I have seen the issue of the number of possible sudokus arise here and there, and so what I have to say has probably been said. I am fairly new to sudoku and have been thinking about this issue recently.
Apparently, the number of sudokus has been calculated, and it is a very large number. It seems to me, however, that if this very large number was determined merely through calculating the numer of possible arrangements of the numbers 1 through 9 that violate none of the rules of a properly constructed sudoku (each number appearing exactly once in each row, column and 3 x 3 box) then this very large number is not equivalent to the number of possible sudokus. I would submit that the actual number might be lower by many orders of magnitude. Consider:
As we know, a sudoku need not use numbers to fill the cells. One could use a group of 9 of anything--letters, shapes, colors, faces, words, objects, or technically even sounds, textures, smells, etc. Now if we were to take a completed sudoku and replace all the numbers with, say, colors, we would not say that we have created "another" sudoku--what we have done is merely to present the same sudoku in a different way. What makes a sudoku, then, is not the particular symbols or items we employ to express the sudoku but rather the set of logical relationships expressed by the chosen symbols or items.

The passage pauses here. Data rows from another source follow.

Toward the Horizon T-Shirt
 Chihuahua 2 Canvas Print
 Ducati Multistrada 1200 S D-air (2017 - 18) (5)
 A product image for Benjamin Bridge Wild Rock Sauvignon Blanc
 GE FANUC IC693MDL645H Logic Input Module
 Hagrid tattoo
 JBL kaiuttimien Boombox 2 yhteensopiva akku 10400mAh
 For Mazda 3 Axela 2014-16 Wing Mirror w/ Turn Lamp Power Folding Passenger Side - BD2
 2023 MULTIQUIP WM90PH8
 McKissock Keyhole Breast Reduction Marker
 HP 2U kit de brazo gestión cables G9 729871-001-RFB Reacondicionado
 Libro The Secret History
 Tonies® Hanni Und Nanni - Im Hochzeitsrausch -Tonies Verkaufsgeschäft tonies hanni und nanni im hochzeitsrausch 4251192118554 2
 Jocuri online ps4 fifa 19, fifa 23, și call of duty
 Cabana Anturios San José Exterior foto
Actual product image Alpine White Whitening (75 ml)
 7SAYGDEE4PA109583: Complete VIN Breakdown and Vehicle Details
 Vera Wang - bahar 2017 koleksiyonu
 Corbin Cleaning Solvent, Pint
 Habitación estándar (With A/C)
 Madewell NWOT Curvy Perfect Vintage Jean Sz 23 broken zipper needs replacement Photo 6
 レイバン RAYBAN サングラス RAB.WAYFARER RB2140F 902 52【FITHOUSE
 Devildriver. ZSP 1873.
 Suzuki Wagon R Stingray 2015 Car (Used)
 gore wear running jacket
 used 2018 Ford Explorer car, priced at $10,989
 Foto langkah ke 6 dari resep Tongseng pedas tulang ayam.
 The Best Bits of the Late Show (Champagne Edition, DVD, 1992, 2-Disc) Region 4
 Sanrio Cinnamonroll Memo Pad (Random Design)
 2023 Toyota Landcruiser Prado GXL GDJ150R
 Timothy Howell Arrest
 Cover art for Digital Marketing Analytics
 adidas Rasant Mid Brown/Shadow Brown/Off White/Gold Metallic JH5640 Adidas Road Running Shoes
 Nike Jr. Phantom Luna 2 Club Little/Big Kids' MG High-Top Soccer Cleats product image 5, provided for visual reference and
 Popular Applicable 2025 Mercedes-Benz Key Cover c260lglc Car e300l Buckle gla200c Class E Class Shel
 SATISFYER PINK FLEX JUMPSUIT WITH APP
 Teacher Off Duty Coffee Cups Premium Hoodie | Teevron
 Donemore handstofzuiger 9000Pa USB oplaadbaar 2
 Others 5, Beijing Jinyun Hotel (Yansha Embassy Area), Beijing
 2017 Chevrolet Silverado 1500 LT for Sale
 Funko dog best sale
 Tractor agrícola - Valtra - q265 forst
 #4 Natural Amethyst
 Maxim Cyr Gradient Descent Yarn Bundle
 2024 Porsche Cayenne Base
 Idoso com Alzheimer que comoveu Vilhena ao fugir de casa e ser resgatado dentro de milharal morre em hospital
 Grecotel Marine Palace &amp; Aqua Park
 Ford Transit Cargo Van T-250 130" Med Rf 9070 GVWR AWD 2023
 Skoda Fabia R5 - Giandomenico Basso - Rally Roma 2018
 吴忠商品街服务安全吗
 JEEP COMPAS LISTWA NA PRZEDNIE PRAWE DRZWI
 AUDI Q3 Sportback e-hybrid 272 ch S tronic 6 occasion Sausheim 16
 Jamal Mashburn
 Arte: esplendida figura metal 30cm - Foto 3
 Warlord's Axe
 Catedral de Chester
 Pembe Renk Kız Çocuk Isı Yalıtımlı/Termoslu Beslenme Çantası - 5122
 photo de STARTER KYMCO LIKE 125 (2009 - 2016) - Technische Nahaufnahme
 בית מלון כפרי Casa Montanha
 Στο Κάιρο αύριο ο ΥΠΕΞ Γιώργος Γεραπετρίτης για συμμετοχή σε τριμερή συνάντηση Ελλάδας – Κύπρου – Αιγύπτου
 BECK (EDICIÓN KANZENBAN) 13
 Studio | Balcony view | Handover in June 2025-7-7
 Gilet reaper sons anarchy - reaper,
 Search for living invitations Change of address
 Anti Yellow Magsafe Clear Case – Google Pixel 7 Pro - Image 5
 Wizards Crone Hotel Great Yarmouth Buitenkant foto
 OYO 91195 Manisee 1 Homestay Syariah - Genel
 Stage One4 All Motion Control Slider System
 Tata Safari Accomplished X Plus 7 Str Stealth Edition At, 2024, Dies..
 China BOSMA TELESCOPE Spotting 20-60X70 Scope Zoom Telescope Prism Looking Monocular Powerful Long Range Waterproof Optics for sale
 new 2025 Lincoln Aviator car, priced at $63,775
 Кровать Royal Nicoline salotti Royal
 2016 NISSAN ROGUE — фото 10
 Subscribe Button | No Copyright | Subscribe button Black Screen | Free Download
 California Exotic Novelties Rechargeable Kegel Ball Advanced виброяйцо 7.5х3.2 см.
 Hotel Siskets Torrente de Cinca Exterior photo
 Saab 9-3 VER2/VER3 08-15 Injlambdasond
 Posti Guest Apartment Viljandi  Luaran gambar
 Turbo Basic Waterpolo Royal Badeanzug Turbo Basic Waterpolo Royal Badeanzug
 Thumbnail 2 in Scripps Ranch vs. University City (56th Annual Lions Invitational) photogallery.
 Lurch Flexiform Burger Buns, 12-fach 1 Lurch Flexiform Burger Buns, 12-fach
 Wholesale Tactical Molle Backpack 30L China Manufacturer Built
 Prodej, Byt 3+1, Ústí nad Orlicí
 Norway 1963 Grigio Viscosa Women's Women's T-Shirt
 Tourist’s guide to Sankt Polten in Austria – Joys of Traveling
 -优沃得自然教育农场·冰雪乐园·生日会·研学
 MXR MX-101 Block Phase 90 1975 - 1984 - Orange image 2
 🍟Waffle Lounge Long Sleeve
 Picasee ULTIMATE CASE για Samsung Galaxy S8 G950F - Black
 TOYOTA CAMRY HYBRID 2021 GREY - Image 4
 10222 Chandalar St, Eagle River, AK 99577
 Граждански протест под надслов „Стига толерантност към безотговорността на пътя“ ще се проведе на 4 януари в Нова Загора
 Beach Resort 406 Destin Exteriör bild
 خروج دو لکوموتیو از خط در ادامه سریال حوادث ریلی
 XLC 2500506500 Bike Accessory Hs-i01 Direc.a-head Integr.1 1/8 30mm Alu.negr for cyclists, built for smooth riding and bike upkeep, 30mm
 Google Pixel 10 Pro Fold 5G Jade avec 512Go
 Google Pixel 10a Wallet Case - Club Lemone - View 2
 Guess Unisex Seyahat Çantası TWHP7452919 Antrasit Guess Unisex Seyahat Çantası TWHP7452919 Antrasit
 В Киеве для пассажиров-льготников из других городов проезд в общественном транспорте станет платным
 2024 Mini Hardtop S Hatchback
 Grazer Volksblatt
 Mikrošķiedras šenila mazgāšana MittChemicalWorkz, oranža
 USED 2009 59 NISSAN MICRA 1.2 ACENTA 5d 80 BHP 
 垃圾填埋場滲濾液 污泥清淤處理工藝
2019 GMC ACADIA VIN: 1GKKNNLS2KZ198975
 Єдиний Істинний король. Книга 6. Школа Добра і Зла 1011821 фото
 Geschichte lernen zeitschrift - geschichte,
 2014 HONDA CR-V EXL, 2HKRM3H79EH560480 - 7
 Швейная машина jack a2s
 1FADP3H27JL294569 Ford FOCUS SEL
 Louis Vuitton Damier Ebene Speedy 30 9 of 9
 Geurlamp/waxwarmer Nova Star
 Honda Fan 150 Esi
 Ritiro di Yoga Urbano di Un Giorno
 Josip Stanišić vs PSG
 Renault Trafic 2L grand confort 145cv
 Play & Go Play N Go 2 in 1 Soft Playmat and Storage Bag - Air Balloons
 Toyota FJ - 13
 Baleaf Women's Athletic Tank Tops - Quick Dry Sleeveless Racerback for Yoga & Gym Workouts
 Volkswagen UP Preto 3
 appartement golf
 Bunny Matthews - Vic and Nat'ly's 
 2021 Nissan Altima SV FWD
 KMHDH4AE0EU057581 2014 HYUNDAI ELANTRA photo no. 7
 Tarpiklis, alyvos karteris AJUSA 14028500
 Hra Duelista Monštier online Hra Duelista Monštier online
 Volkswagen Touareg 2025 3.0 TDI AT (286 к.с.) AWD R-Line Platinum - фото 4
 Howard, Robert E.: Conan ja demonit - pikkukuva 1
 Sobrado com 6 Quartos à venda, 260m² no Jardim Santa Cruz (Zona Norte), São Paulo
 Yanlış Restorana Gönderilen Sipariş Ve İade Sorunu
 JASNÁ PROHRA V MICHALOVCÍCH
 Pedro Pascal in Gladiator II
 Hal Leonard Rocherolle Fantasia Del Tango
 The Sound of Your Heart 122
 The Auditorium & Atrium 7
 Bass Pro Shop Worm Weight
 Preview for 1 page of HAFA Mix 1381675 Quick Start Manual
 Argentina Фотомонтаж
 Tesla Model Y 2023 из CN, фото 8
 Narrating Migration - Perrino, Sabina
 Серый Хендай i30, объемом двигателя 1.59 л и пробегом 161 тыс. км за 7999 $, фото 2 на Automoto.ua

The same reasoning holds, it seems, even when we don't switch the numbers of a given sudoku with non-numerical items but merely switch the numbers for each other--for instance, switching all the 7's for all the 3's in a sudoku. In such a case, the original sudoku and the modified sudoku exhibit the same exact set of logical relationships between the placeholders, it's just that the particular numbers that we use have been altered. In the accepted grand total of the number of possible sudokus, however, these "two" sudokus would be considered different sudokus. Thus the grand total involves some double-counting. The grand total counts every sudoku that looks different as different, but if I am right then sudokus can look different without being so. The grand total is in a sense an aesthetic total, not a logical total.
I have not sat down to figure out the number of possible ways in which the numbers in a sudoku could be switched about without altering the basic logical structure of the sudoku. My slapdash look hinted that there are 36 possible ways of swapping out one number for another, but of course one need not stop there--you could swap the 3's for the 8's, the 2's for the 4's, and the 5's for the 9's. You could do all sorts of swapping--36 is probably just the molecule on the tip of the iceberg.
Also, we should consider more than number-swapping. Take any given completed sudoku and place it on the table and give it a quarter-turn. Have we created a "new" sudoku? No, it seems not. We are merely looking at the same old sudoku from a slightly different angle. It is not the sudoku's fault that we changed the position of our chair relative to the sudoku. The grand total of sudokus, however, does count these as different sudokus. The same would apply when giving the sudoku a half-turn or a three-quarter-turn. Four persons sitting north, south, east, and west of a sudoku could all work on it simultaneously--but they are not working on 4 sudokus. Imagine that the table is made of glass. You could have 4 additional puzzledoers situated beneath the table--but this does not create 4 additional sudokus for a total of eight, but the grand total of possible sudokus does consider these to be 8 sudokus.
So for any sudoku you come across, there exists a large set of logically equivalent ways (using numbers--there exists an infinite set when we open the door to things other than numbers) of expressing that sudoku that are counted as different sudokus in the generally accepted grand total of possible sudokus. The question "How many sudokus are there?" is not merely a mathematical question but a logical one, and one best rephrased, "How many such sets of sudokus are there?" This number will itself be very large, but it will be smaller than the total arrived at mathematically.
One last thing: it would seem that for a casual puzzledoer the fact that one presentation of a sudoku differs from another would be sufficient for saying that they are "two different sudokus." Certainly they could be done in different ways (depending on how altered they are) without the puzzledoer noticing that they are equivalent. In fact, one could probably create an entire book of sudokus simply by turning, flipping and swapping out the numbers of one given sudoku, and most puzzledoers would not feel cheated by the book (although there might be a general sense of "this book is not as interesting as others I have done" or something like that) or notice its "laziness." For someone who is interested in the fundamental structural properties of these strange little logical beasties we call sudokus, however, any consideration that helps sweep away the superficial elements of sudokus is important.
I will end with a superficial element of sudokus: has anyone out there noticed that if you assign the position values 1 to 81 to the cells of a sudoku, the values of any given number in a completed sudoku add up to 369? Does this mean anything?